Tant de prévoyance, je le répète, n'est pas naturelle. Citoyens! ne faites pas un pas, sans porter sur vous une arme quelconque. Vous vous en êtes bien trouvés jusqu'à ce jour. Le soin qu'on prend de vous dépouiller de tout moyen de défense motive les soupçons de votre part. Vous marchez encore en pays ennemi. Ceux qui jusqu'à présent n'ont pu vous prendre au dépourvu d'armes défensives, n'attendent peut-être que le moment où vous vous en laisserez dégarnir tout-à-fait; ainsi désarmés au milieu de plusieurs bataillons bien munis, que feriez-vous, si une généreuse insurrection vous devenoit nécessaire? Comment s'opéreroit-elle ?

Il est facile, à la porte d'un jardin, de désarmer quelques individus il ne le seroit pas autant de disperser plusieurs milliers de citoyens réclamant leurs droits indignement compromis ou láchement défendus dans l'assemblée représentative, si chacun de ces citoyens portoit une lame dans son bâton.
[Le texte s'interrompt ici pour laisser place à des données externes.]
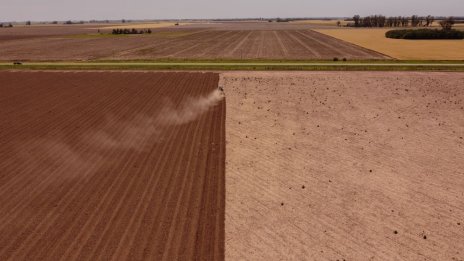 Соевата криза в Аржентина задълбочава икономическите проблеми
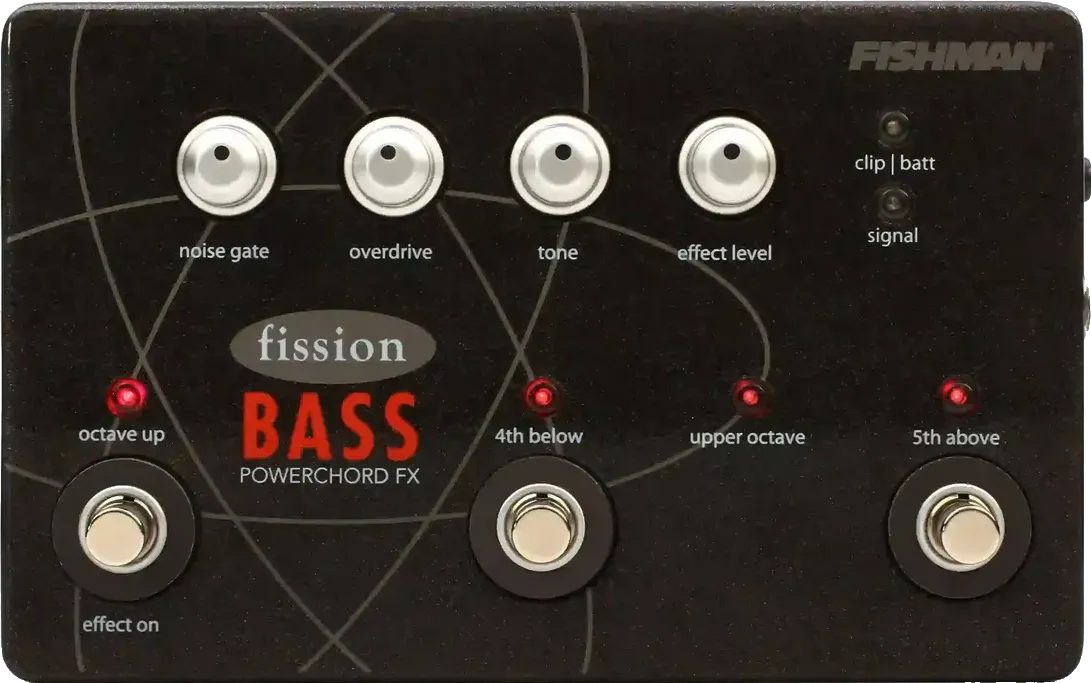Fission Bass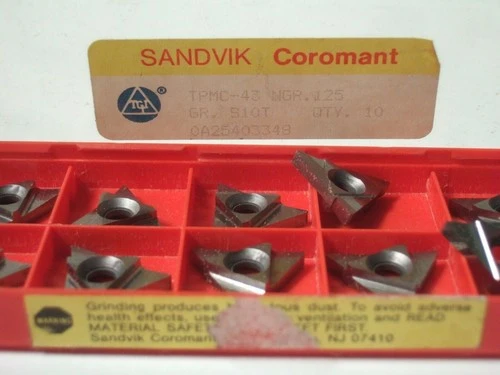 NEW Sandvik Does Not Apply
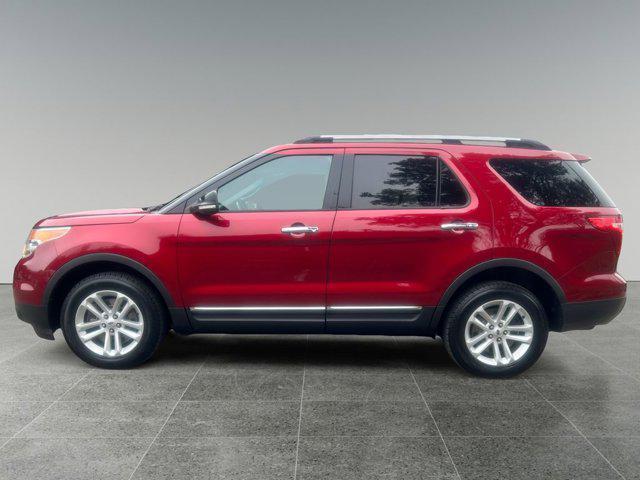 used 2015 Ford Explorer car, priced at $12,999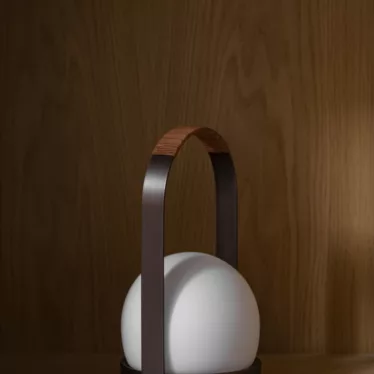 Carrie Led Portable Table Lamp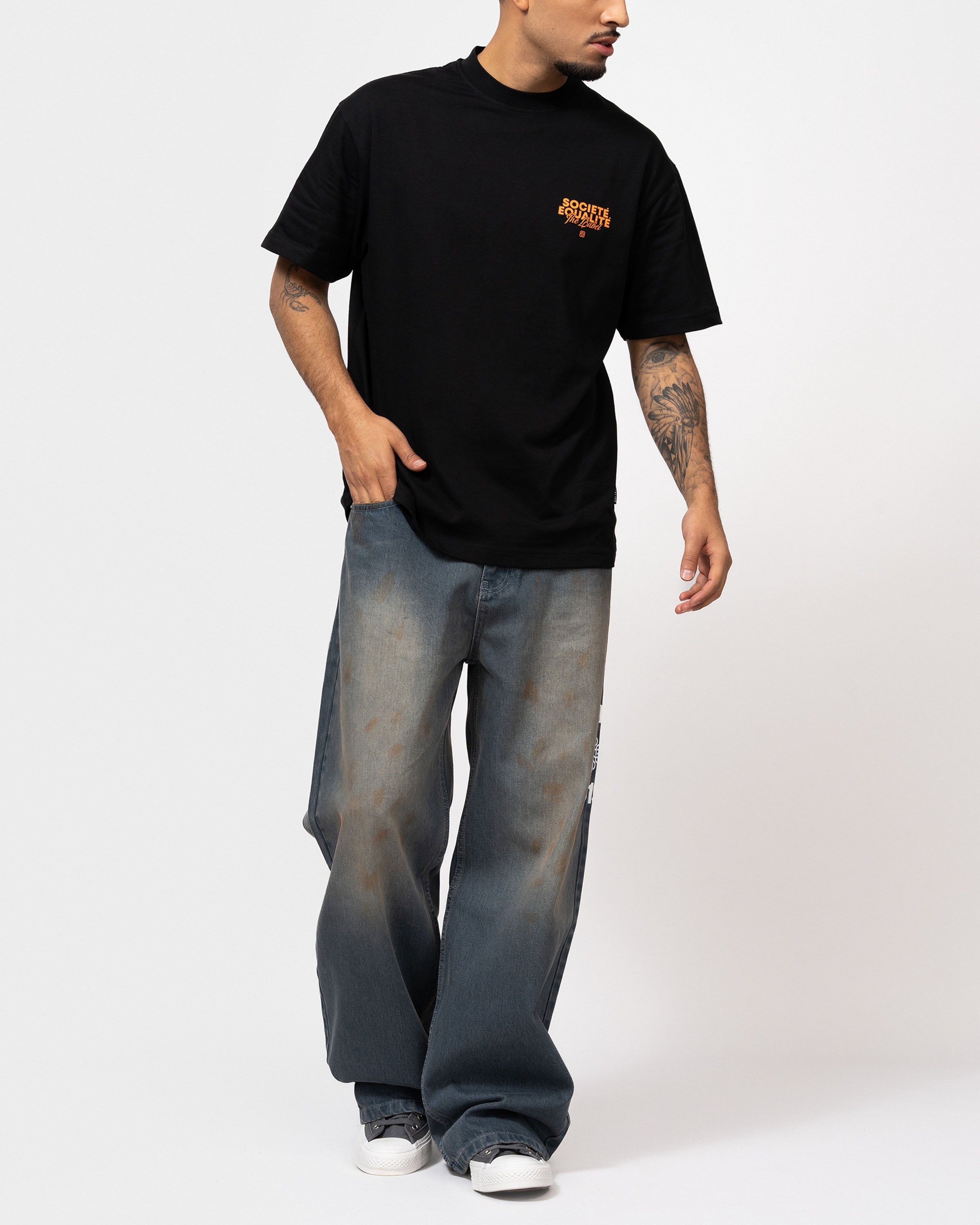 Societe 2.0 Oversized T-Shirt Pre Order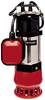 Einhell 4171421 GC-DP 5010 G ponorné čerpadlo pro užitkovou vodu se chráněnou zástrčkou 12000 l/h 8 m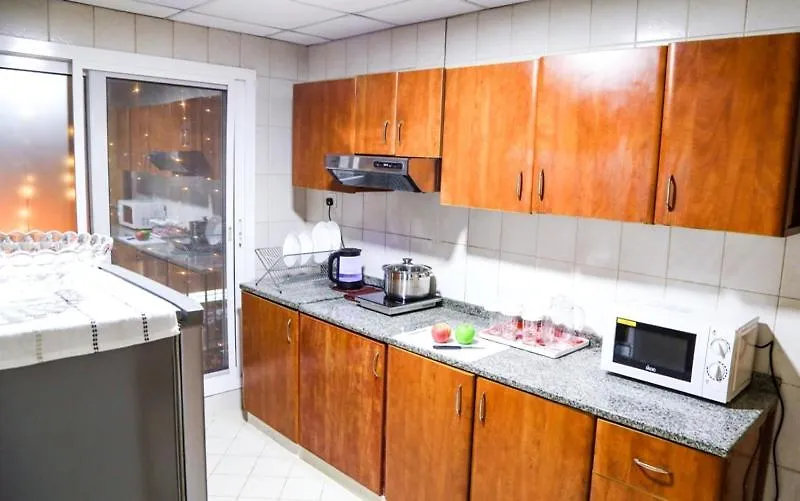 Ruwi Hotel Apartments, Sharjah Aparthotel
Mais il s'agissoit d'intimider le peuple qui se trouveroit sur la terrasse des Feuillans lors de la question du renvoi des ministres.

Un peuple libre, et jaloux de se conserver tel, ne doit jamais poser les armes. Jusqu'au milieu de ses plaisirs, il doit avoir sur lui de quoi en imposer; et le choix et la forme de ses armes défensives et protectrices doivent être à sa volonté.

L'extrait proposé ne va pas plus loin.